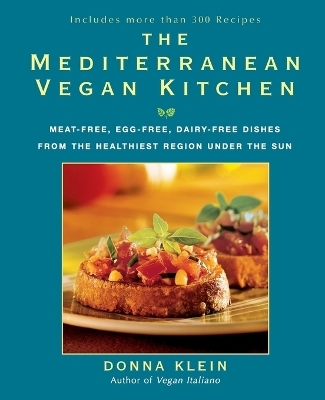 The Mediterranean Vegan Kitchen - Donna Klein
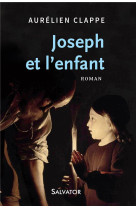 JOSEPH ET L-ENFANT - AURELIEN CLAPPE - Salvator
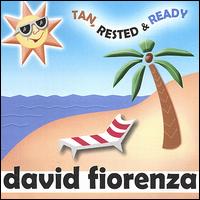 David Fiorenza - Tan, Rested & Ready lyrics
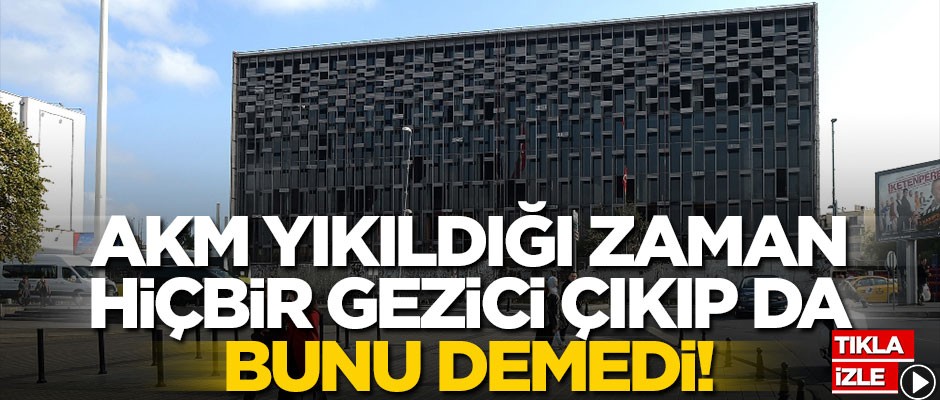 AKM yıkıldığı zaman hiçbir gezici çıkıp da bunu demedi!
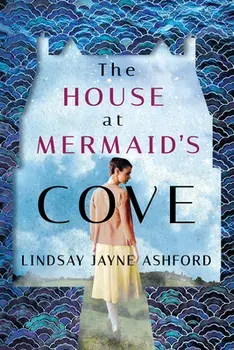 The House at Mermaid's Cove, Paperback/Lindsay Jayne Ashford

===============

# [Exercise objective]
Pictures aside, every entry above must be repeated exactly.

# [Answer to the exercise]
 The Mediterranean Vegan Kitchen - Donna Klein
 JOSEPH ET L-ENFANT - AURELIEN CLAPPE - Salvator
 David Fiorenza - Tan, Rested & Ready lyrics
 AKM yıkıldığı zaman hiçbir gezici çıkıp da bunu demedi!
 The House at Mermaid's Cove, Paperback/Lindsay Jayne Ashford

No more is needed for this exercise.